Spatial colocalization and functional link of purinosomes with mitochondria

Jarrod B. French, Sara A. Jones, Huayun Deng, Anthony M. Pedley, Doory Kim, Chung Yu Chan, Haibei Hu, Raymond J. Pugh, Hong Zhao, Youxin Zhang, Tony Jun Huang, Ye Fang, Xiaowei Zhuang, Stephen J. Benkovic

Research output: Contribution to journalArticlepeer-review

85 Scopus citations


Purine biosynthetic enzymes organize into dynamic cellular bodies called purinosomes. Little is known about the spatiotemporal control of these structures. Using super-resolution microscopy, we demonstrated that purinosomes colocalized with mitochondria, and these results were supported by isolation of purinosome enzymes with mitochondria. Moreover, the number of purinosome-containing cells responded to dysregulation of mitochondrial function and metabolism. To explore the role of intracellular signaling, we performed a kinome screen using a label-free assay and found that mechanistic target of rapamycin (mTOR) influenced purinosome assembly. mTOR inhibition reduced purinosome-mitochondria colocalization and suppressed purinosome formation stimulated by mitochondria dysregulation. Collectively, our data suggest an mTOR-mediated link between purinosomes and mitochondria, and a general means by which mTOR regulates nucleotide metabolism by spatiotemporal control over protein association.

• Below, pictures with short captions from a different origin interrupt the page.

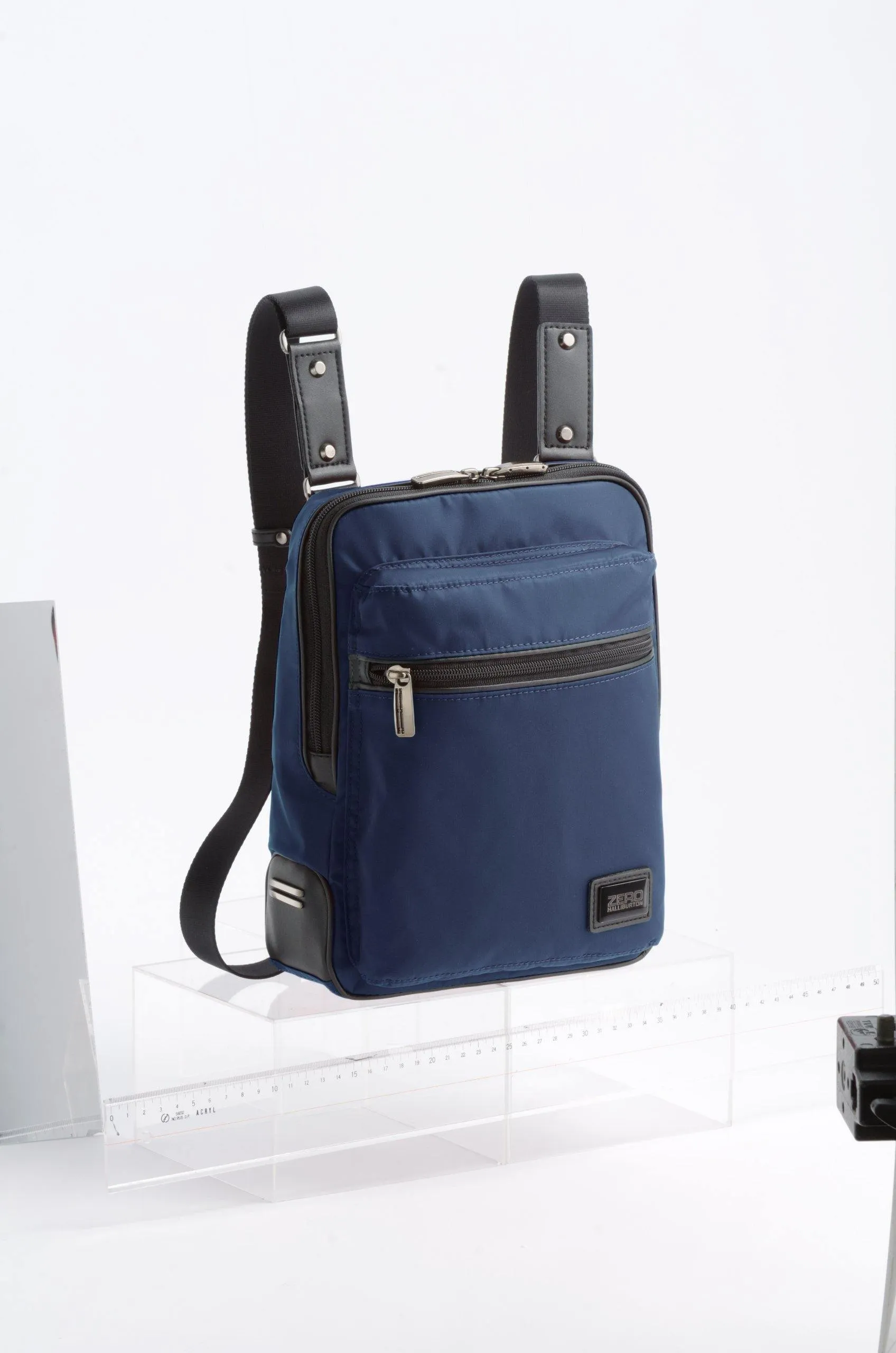 ZERO Halliburton ZAG Zip Organizer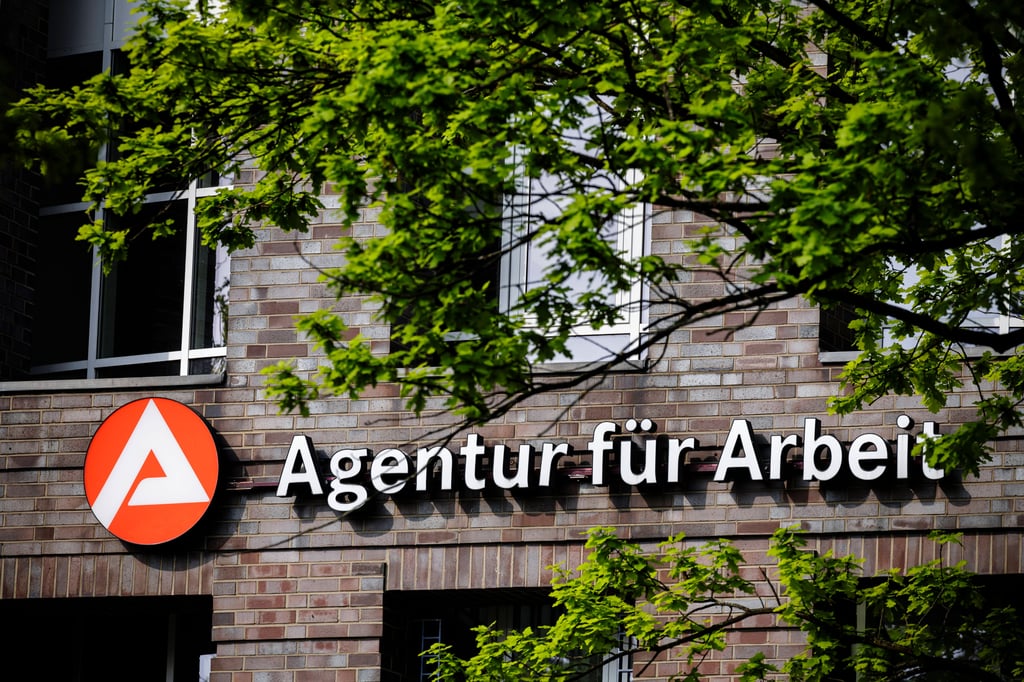 Zahl der Arbeitslosen steigt auch im Kreis Herford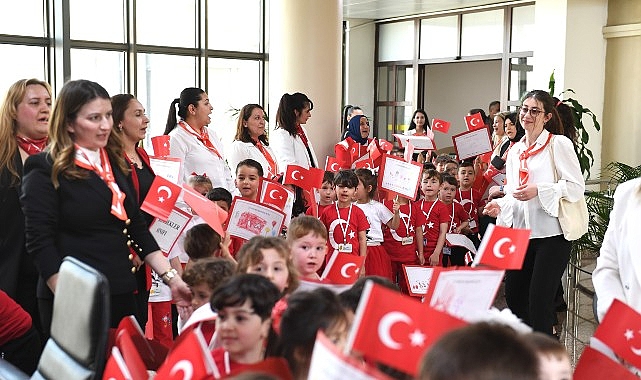 Minik öğrencilerden Başkan Aydın’a 23 Nisan ziyareti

Original languageEnglish (US)
Pages (from-to)733-737
Number of pages5
Issue number6274
StatePublished - Feb 12 2016
Externally publishedYes

Bibliographical note

Funding Information:
We thank T. Laremore at the Proteomics and Mass Spectrometry Core Facility of the Huck Institutes of the Life Sciences at The Pennsylvania State University for assistance with data collection and analyses. The Orbitrap mass spectrometer was funded by a grant from the Pennsylvania Department of Health Tobacco Settlement Funds. J.B.F. acknowledges the Canadian Institutes of Health Research for fellowship support. This work was funded by the National Institutes of Health grants NIH GM024129 (S.J.B.) and 1R33EB019785-01 (T.J.H. and S.J.B.) as well as the Howard Hughes Medical Institute (X.Z.). J.B.F., S.A.J., Y.F., X.Z., and S.J.B. designed the experiments; J.B.F., S.A.J., H.D., H.H., A.M.P., C.Y.C., D.K., R.J.P., H.Z., and Y.Z. performed the experiments and analyzed the data; J.B.F., S.A.J., A.M.P., R.J.P., and Y.F. prepared the manuscript; J.B.F., Y.F., X.Z., and S.J.B. directed the research; all authors have reviewed and edited the manuscript. The authors declare that they have no competing interests. Additional data reported in this manuscript are available in the supplementary materials.

Publisher Copyright:
© 2016, American Association for the Advancement of Science. All rights reserved.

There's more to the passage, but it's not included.